All the data that follows should be repeated exactly, without a single picture.

_Provided material_:
------------------------------

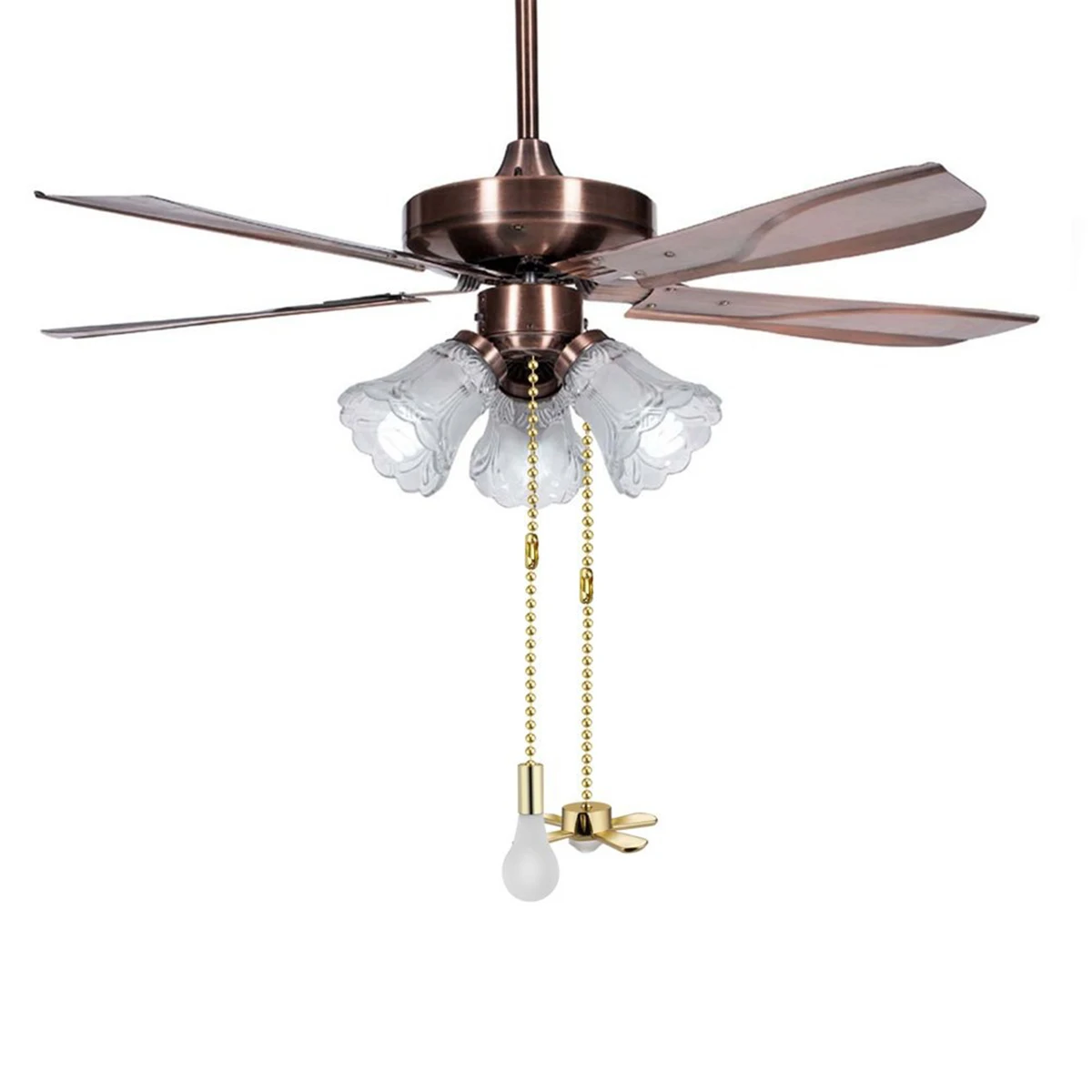 

2pcs Fan And Light Bulb Shaped Pull Chain Set With Connector With Connector Room Decor Metal Lighting Accessories Ceiling Fan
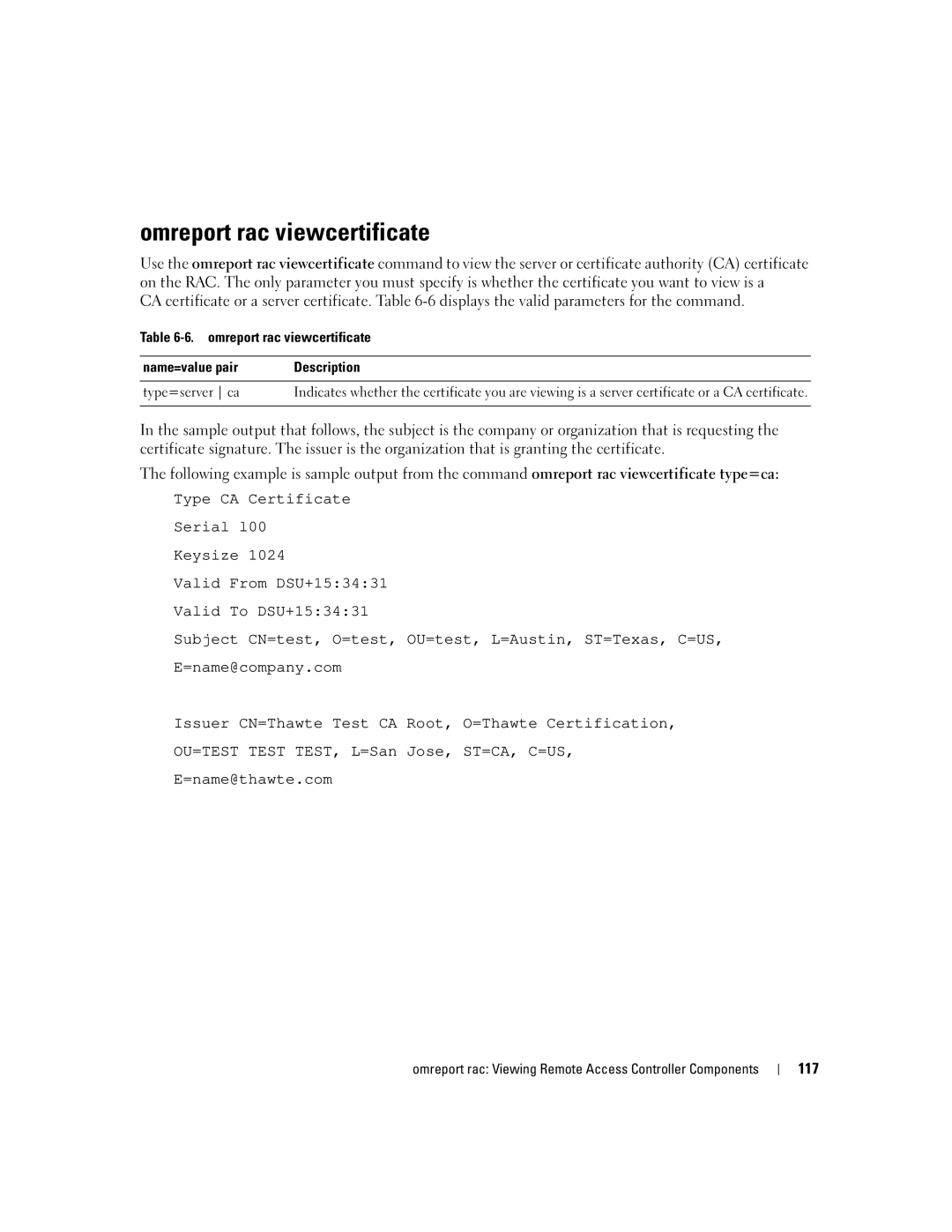 Dell Command Line Interface manual Omreport rac viewcertificate, 117 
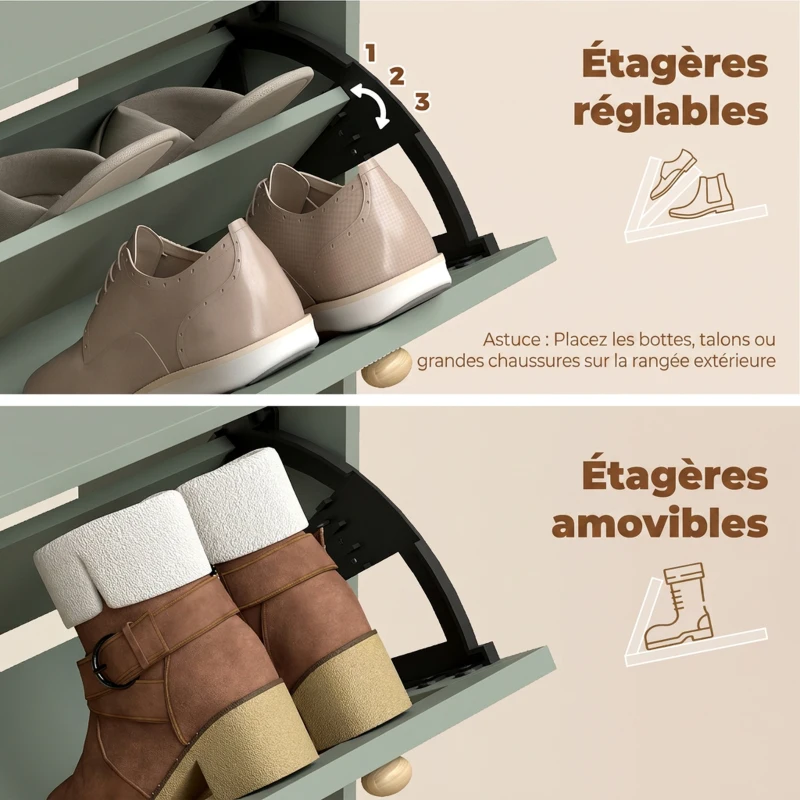 HOMCOM Meuble à chaussures 12 paires, armoire à chaussures avec 2 tiroirs rabattables, étagères réglables, 80x26x101 cm, vert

------------------------------

_Task output_:
2pcs Fan And Light Bulb Shaped Pull Chain Set With Connector With Connector Room Decor Metal Lighting Accessories Ceiling Fan
 Dell Command Line Interface manual Omreport rac viewcertificate, 117 
 HOMCOM Meuble à chaussures 12 paires, armoire à chaussures avec 2 tiroirs rabattables, étagères réglables, 80x26x101 cm, vert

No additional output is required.